On the second Tuesday of each month, the SQL Server universe all comes together to blog about a topic. Known as T-SQL Tuesday and started by Adam Machanic (Blog | @AdamMachanic), this month’s T-SQL Tuesday topic is hosted by friend and fellow MCM Brent Ozar. The theme that Brent has chosen for this month is “SQL Server Bugs & Enhancement Requests”. Specifically, Brent wants us to visit connect.microsoft.com, find an interesting request, and blog about it. Now Brent, this is a fantastic topic for a T-SQL Tuesday. I’m really looking forward to seeing what others blog about. I plan on upvoting those I like to get the attention of the SQL Server team at Microsoft. For what it’s worth, I think that this should be a yearly event to do with T-SQL Tuesday!

My favorite connect item

The connect item that I want to blog about is one that I submitted a few months back. Now, I’ve submitted a few enhancement requests over time (see this link,) and there are two current ones that I’m really keen on. However, Brent only wants us to talk about one, so let’s explore what my favorite one is. It can be found at this link.

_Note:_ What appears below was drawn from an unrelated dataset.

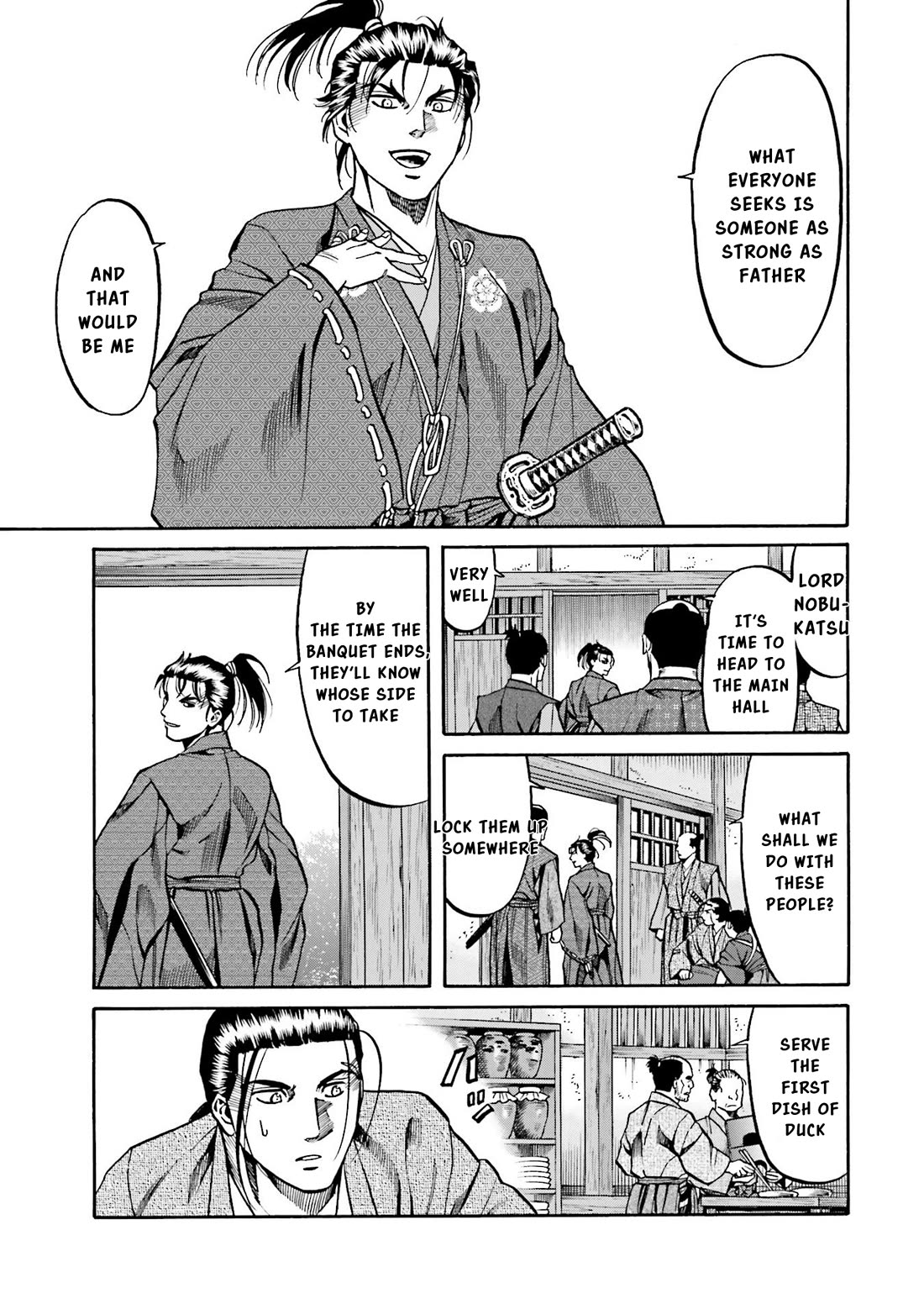 Nobunaga no Chef Chapter 138 page 14 - Chapter 138: Nobukatsu's Scheme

Track object last used data

At almost every place that I’ve worked (and many that I’ve consulted at), I’ve been asked to figure out what objects in the database are no longer being used. I’ll bet that you’ve been asked this also. While we can tell when objects were created, it’s not so easy to determine when they were last used.

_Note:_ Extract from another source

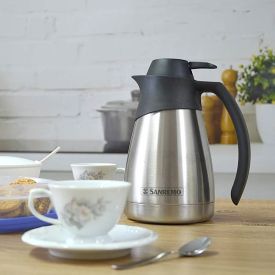 Bule Térmico Sanremo 1 Litro - Aço Inox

Now, there are a couple of DMVs that can help us out some. Specifically, sys.dm_exec_procedure_stats will show us information about the procedures that are in the plan cache. In BOL there is some information about what this DMV does:

The view returns one row for each cached stored procedure plan, and the lifetime of the row is as long as the stored procedure remains cached.

Another DMV that can be helpful is sys.dm_exec_index_usage_stats, which shows us various types of index operations and when they were last performed. However, this data is only available as long as the database is online – when the database is shutdown or detached (or when the SQL Server service is shutdown), this data is lost.

In both of these DMVs, the data is not persisted. Now, we can persist this data by running a job every minute or so to write this information out to a table. However, this only tells us a little bit of the picture: when procedures and indexes are used. If an index is being used, then the table (or indexed view) that the index belongs to has been utilized.

What is missing is all of the other objects: triggers, functions, non-indexed views, user-defined data-types, etc. In order to look for these, you would have to get an extended event session to look at all of the sql commands going on, and then to parse the code to find out what objects are being used. Yuck.

My proposal

What I have proposed is to add two columns to sys.objects: last_used_time_user and last_used_time_system. Two columns are proposed to be consistent with how the sys.dm_exec_index_usage_stats DMV tracks usage by user or system objects. I also suggest adding these columns to sys.indexes. For sys.indexes, this could just be the max of the appropriate columns from the sys.dm_exec_index_usage_stats DMV.

I would imagine that tracking all of this information would cause a performance hit, so this should not be on all the time. I suggest an ALTER DATABASE command (ALTER DATABASE TRACK OBJECT USAGE = ON/OFF) to control whether this information is being collected (now if they can figure out a way to do this where the overhead is minimal, just ignore this command).

Taking this further?

Would it be advantageous to know whether a column is being used in a table? Do you have a column in a table that you believe is obsolete? Have you left it in the table because you’re afraid of breaking the application somewhere? So how about adding these same columns to sys.columns? I’d suggest another ALTER DATABASE command to control whether column usage is being tracked (ALTER DATABASE TRACK COLUMN USAGE = ON/OFF).


SQL Server can make it easier for us to know whether objects (or even columns) are being used. Having this information will make it easier for us to eliminate obsolete stuff hanging around. This stuff takes up space (including backups) and increases time for maintenance.